In this case, reports are sent by default unless the user sets MY_APP_NO_CONSENT=1 in which case reports will never be sent.

Composing consent mechanisms

Humbug allows you to combine multiple consent mechanisms. For example:

from humbug.consent import environment_variable_opt_in, environment_variable_opt_out, HumbugConsent
from humbug.report import Reporter

consent = HumbugConsent(
    environment_variable_opt_in("MY_APP_CONSENT", ["true"]),
    environment_variable_opt_out("MY_APP_NO_CONSENT", ["1"]),
)
reporter = Reporter(
    "<name of your project>",
    consent,
    bugout_token="<your Bugout access token>",
    bugout_journal_id="<your Bugout journal ID>",
)

If your users do not set MY_APP_CONSENT or give it a value other than true, Humbug won't even bother to send you any reports. If MY_APP_CONSENT is indeed set to true, but the user has set MY_APP_NO_CONSENT=1, then again no reports will get sent back.

On the other hand, if the user has set MY_APP_CONSENT=true and left MY_APP_NO_CONSENT unset or set to a value other than 1, Humbug will send you any reports you have configured.

Blacklisting parameters in feature reports

Arguments to functions and other callables can sometimes contain sensitive information which you may not want to include in Humbug reports.

Blacklist functions allow you to specify which parameters from an argument list to filter out of your feature reports.

blacklist.generate_filter_parameters_by_key_fn

If you would just like to filter out all paramters with a given name, you can use the blacklist.generate_filter_parameters_by_key_fn.

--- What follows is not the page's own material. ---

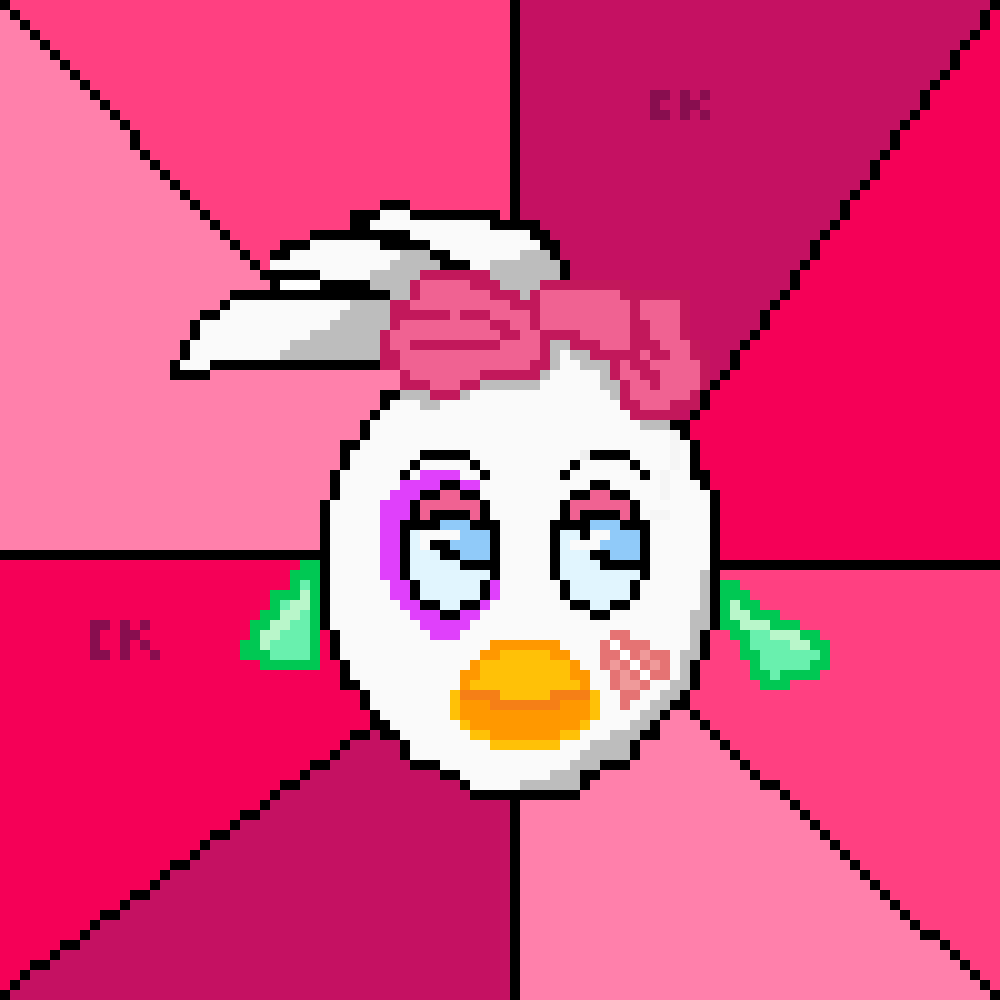 Funtime chica pixel art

For example, to ignore all parameters named token (case insensitive), you would instantiate your HumbugReporter as follows:

reporter = HumbugReporter(
    ...,
    blacklist_fn=blacklist.generate_filter_parameters_by_key_fn(["token"]),
)

Custom blacklist functions

You could also implement a custom blacklist function to remove all parameters that contained the substring token (case insensitive):

def blacklist_token_parameters_fn(params: Dict[str, Any]) -> Dict[str, Any]:
    admissible_params = {k:v for k, v in params.items() if "token" not in k}
    return admissible_params

reporter = HumbugReporter(
    ...,
    blacklist_fn=blacklist_token_parameters_fn
)

Case study: activeloopai/deeplake

This pull request shows how Activeloop integrated Humbug into their popular deeplake tool.

This example shows how to use Humbug to record consent in a configuration file that the user can modify at will. It also shows how to add custom tags to your Humbug reports.